Many people over the years have told stories of near-death experiences, but few have written several best-selling books about the experience.

Author Betty Eadie has recently released her third book, “The Ripple Effect: Our Harvest,” about her near-death experience more than two decades ago.

Eadie will be in Spokane on Monday speaking and signing books at Auntie’s Bookstore, 402 W. Main. There will be a question-and-answer session at 7 p.m. followed by the book signing at 7:30 p.m.

Eadie’s first book about her experience, “Embraced by the Light,” spent time on the New York Times best-seller list, as did her follow-up, “The Awakening Heart.”

“The Ripple Effect” includes excerpts culled from thousands of letters written by readers covering a variety of subjects, Eadie said in a telephone interview.

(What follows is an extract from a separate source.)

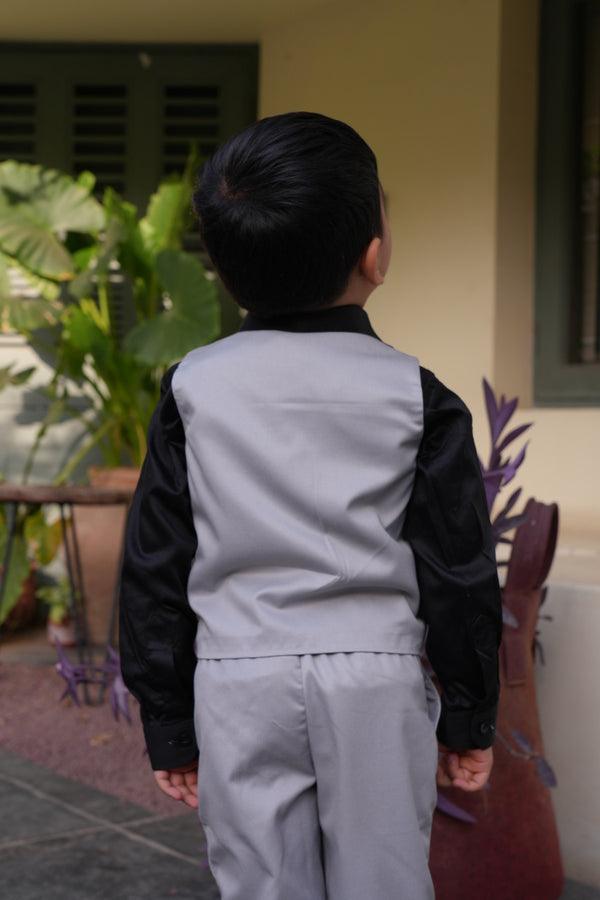 Champions’ Grey Ensemble Themed Waist Coat Set - Funny Bones Clothings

“I want to focus in on the problems,” she said.

“Awakening” was written in response to myriad questions she was asked readers of her first book. Many wanted to know why she waited nearly 20 years to share her story. Eadie found that the Earth was void of the great love she found in heaven with God. She found she couldn’t watch TV or turn on the radio.

“I was repelled by it,” she said. “I began to withdraw. I even became depressed.”

She suffered from agoraphobia and panic attacks before pulling her life together. She began volunteering to work with cancer patients in order to get herself out of the house.

“I was going through a great growing time,” she said.

But her book writing didn’t stop after answering that question and others in “Awakening.”

“After that more letters came in,” she said, many from people relating their own near-death experiences. “They needed their questions answered in a better way.”

Eadie finds it difficult to convey what she experienced when she briefly died and then came back to life.

“There are really no words to describe it perfectly,” she said.

It was 1973 when she hemorrhaged twice after a hysterectomy. She felt her spirit leave her body, and she remembers visiting her family before meeting and talking to God. The lessons she learned from that experience are what she tries to convey in her books.

People ask if she plans to start her own church, she said, an idea she scoffs at.

“There’s already so many of those,” she said. “I feel that I can teach better and clearer by writing books.

“I will continue to write books as long as there are questions, as long as there is a need,” Eadie said. “I know in my heart that’s one of the reasons I was sent back.”

If there is one thing that Eadie wants her readers to learn, it’s that they need to love one another.

“If they could do that, everything would be OK,” she said. “To love one another is, in essence, loving God.

“That’s the bottom line, in a nutshell, of everything that I teach.”

“The Ripple Effect” ($22, Onjinjinkta Publishing) is available at area bookstores and online at www.onjinjinkta.com. Betty Eadie’s Web site is www.embracedbythelight.com.